→ **Problem to solve**: Repeat the data exactly, leaving out any image.

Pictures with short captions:
┄┄┄┄┄┄┄┄┄┄
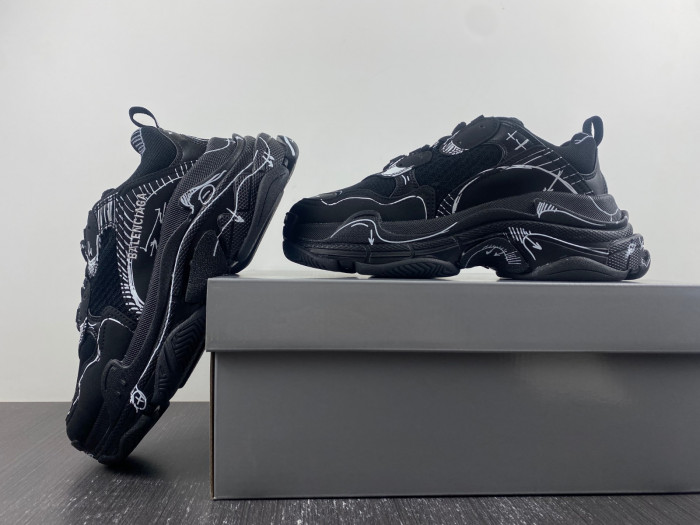 Ba1en*iaga triple s sneaker 8000099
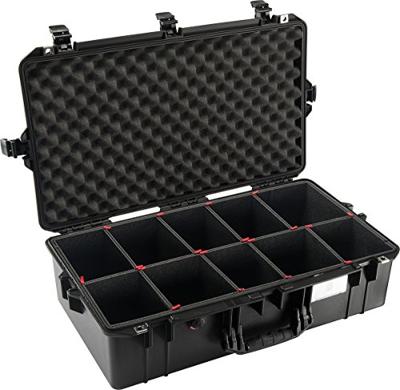 Peli 1605 Air Case 660 x 356 x 213 mm met Trekpak Peli 1605 Air Case 660 x 356 x 213 mm met Trekpak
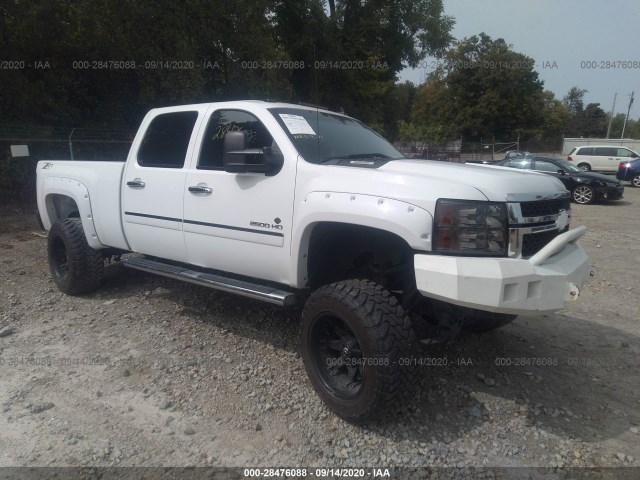 CHEVROLET SILVERADO 2500HD 2012 1gc1kxcg1cf216957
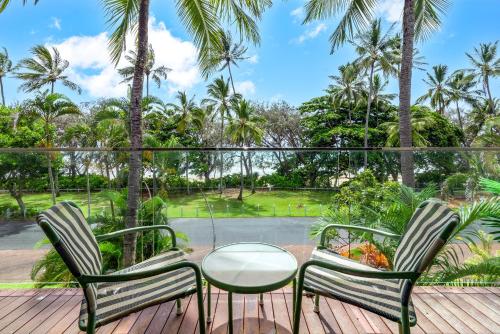 Beachfront Terraces Apartments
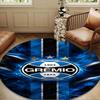 1PC rug Fc 1903 Emblem Round mat Home Decor, Chair rug For livingroom,Bedroom, doormat home decor Birthday Gift Christmas Gifts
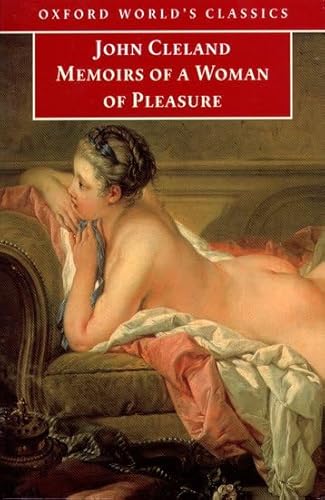 9780192835659: Memoirs of a Woman of Pleasure (Oxford World's Classics)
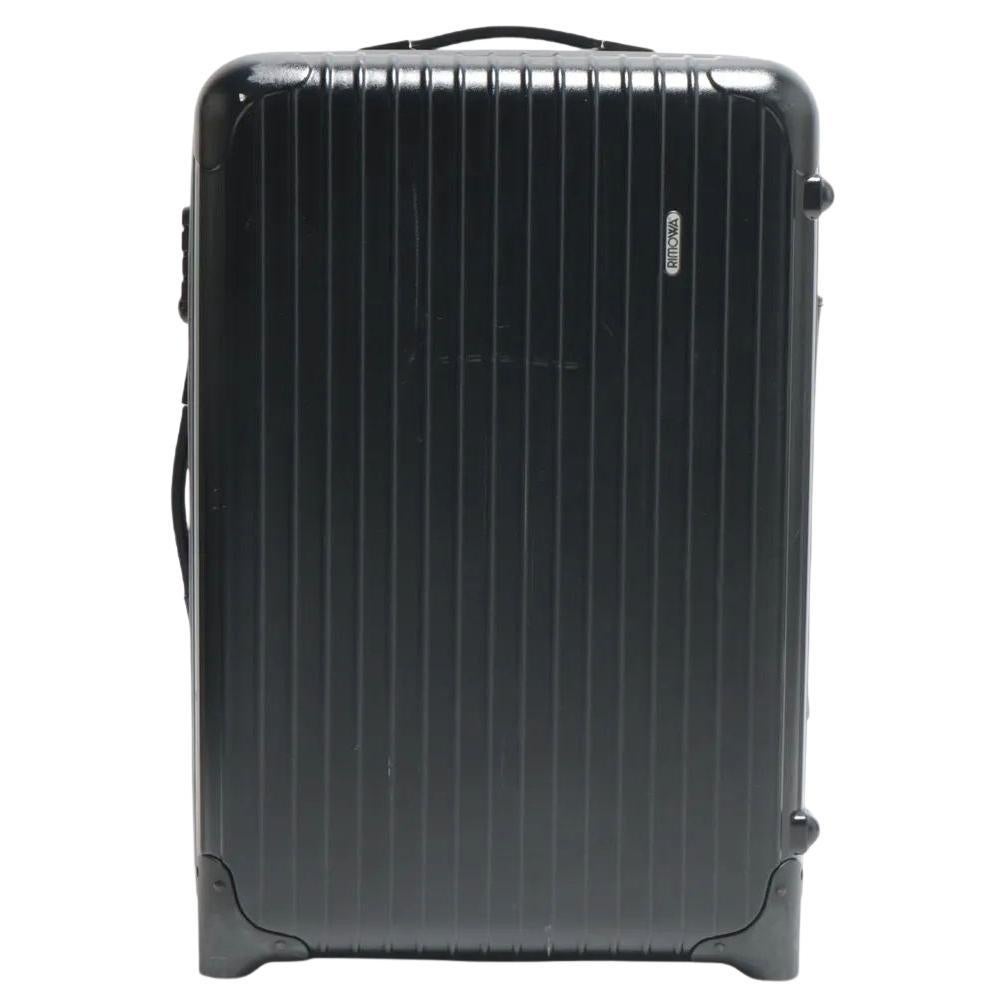 Rimowa Salsa Tragetasche Schwarz im Angebot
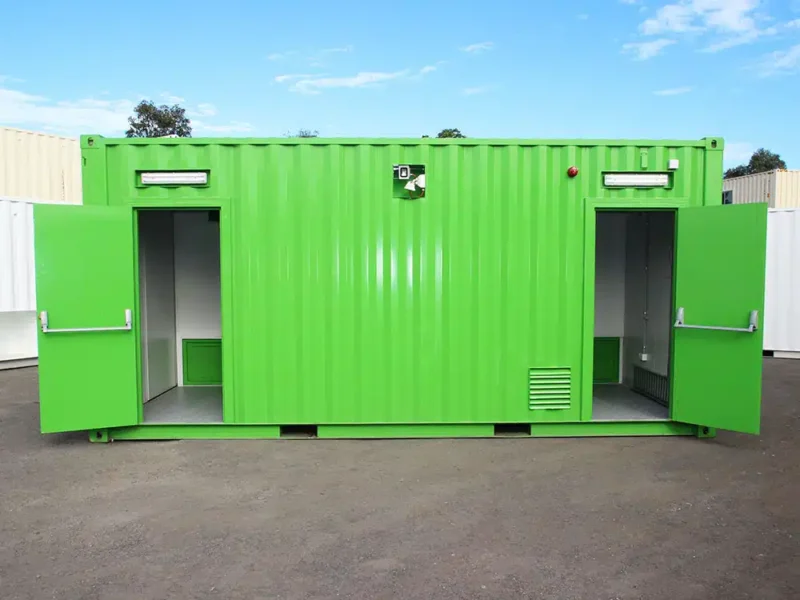 Switch Room Containers (20ft & 40ft)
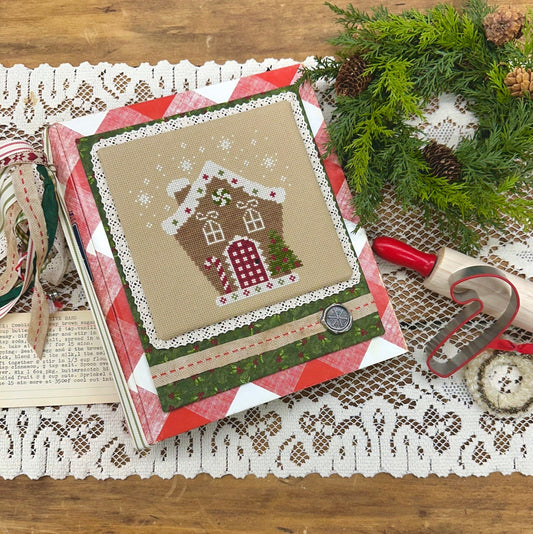 Sweet Gingerbread House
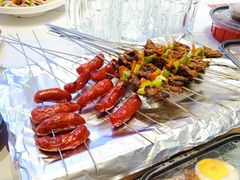 -勇利赵家烤肉坊(纬二街店)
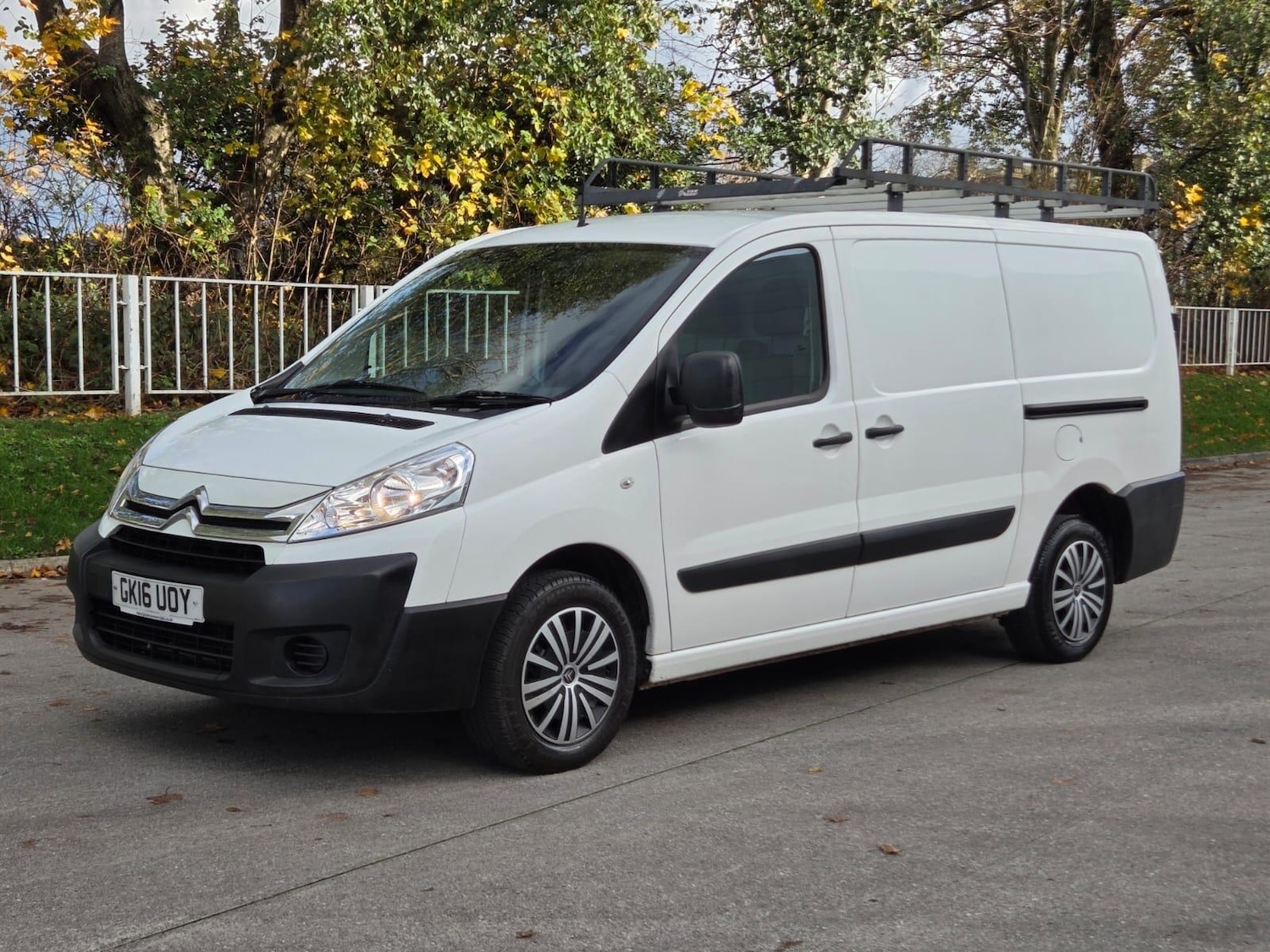 Used Citroen Dispatch 2016 for sale - 76572364: Photo 36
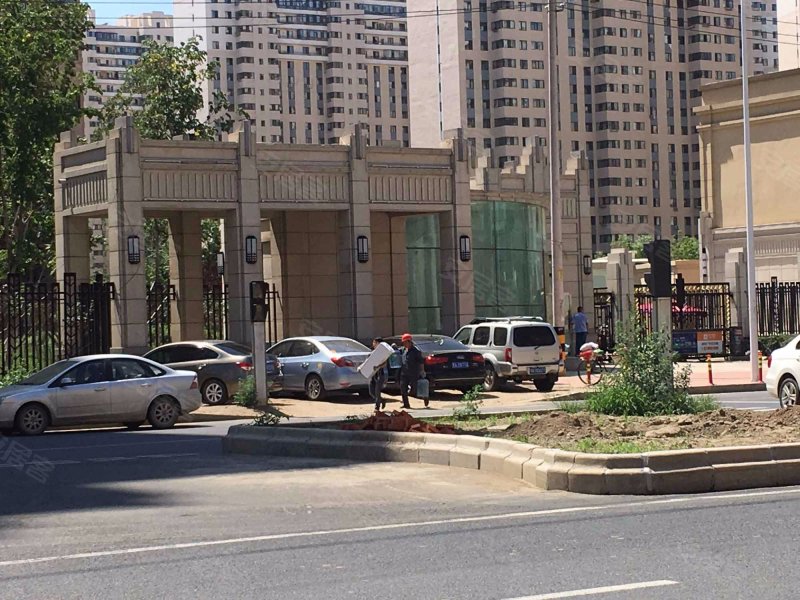 群力新城省公务员小区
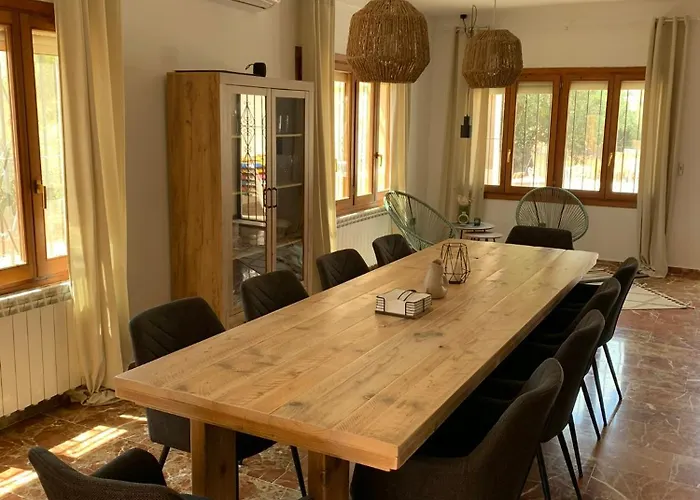 Willa Casa Inge Calpe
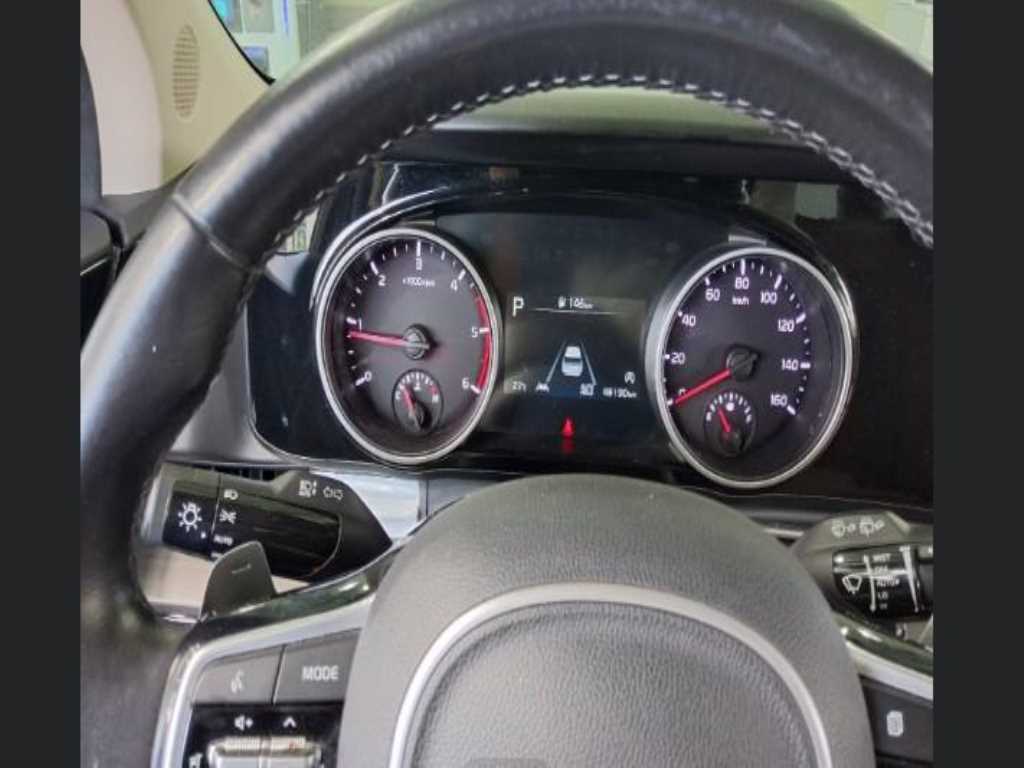 KIA Carnival - Vista 7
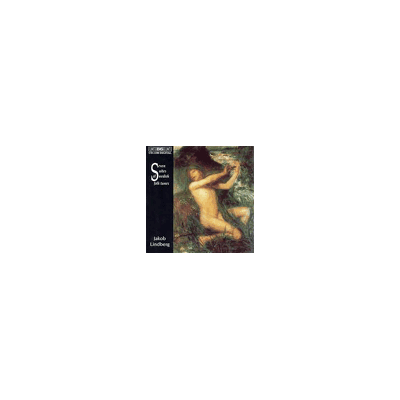 Bis Seven Suites Of Swedish Folk Tunes/ - Christian Lindberg Bis Seven Suites Of Swedish Folk Tunes/ - Christian Lindberg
┄┄┄┄┄┄┄┄┄┄
→ **Answer box**:
 Ba1en*iaga triple s sneaker 8000099
 Peli 1605 Air Case 660 x 356 x 213 mm met Trekpak Peli 1605 Air Case 660 x 356 x 213 mm met Trekpak
 CHEVROLET SILVERADO 2500HD 2012 1gc1kxcg1cf216957
 Beachfront Terraces Apartments
 1PC rug Fc 1903 Emblem Round mat Home Decor, Chair rug For livingroom,Bedroom, doormat home decor Birthday Gift Christmas Gifts
 9780192835659: Memoirs of a Woman of Pleasure (Oxford World's Classics)
 Rimowa Salsa Tragetasche Schwarz im Angebot
 Switch Room Containers (20ft & 40ft)
 Sweet Gingerbread House
 -勇利赵家烤肉坊(纬二街店)
 Used Citroen Dispatch 2016 for sale - 76572364: Photo 36
 群力新城省公务员小区
 Willa Casa Inge Calpe
 KIA Carnival - Vista 7
 Bis Seven Suites Of Swedish Folk Tunes/ - Christian Lindberg Bis Seven Suites Of Swedish Folk Tunes/ - Christian Lindberg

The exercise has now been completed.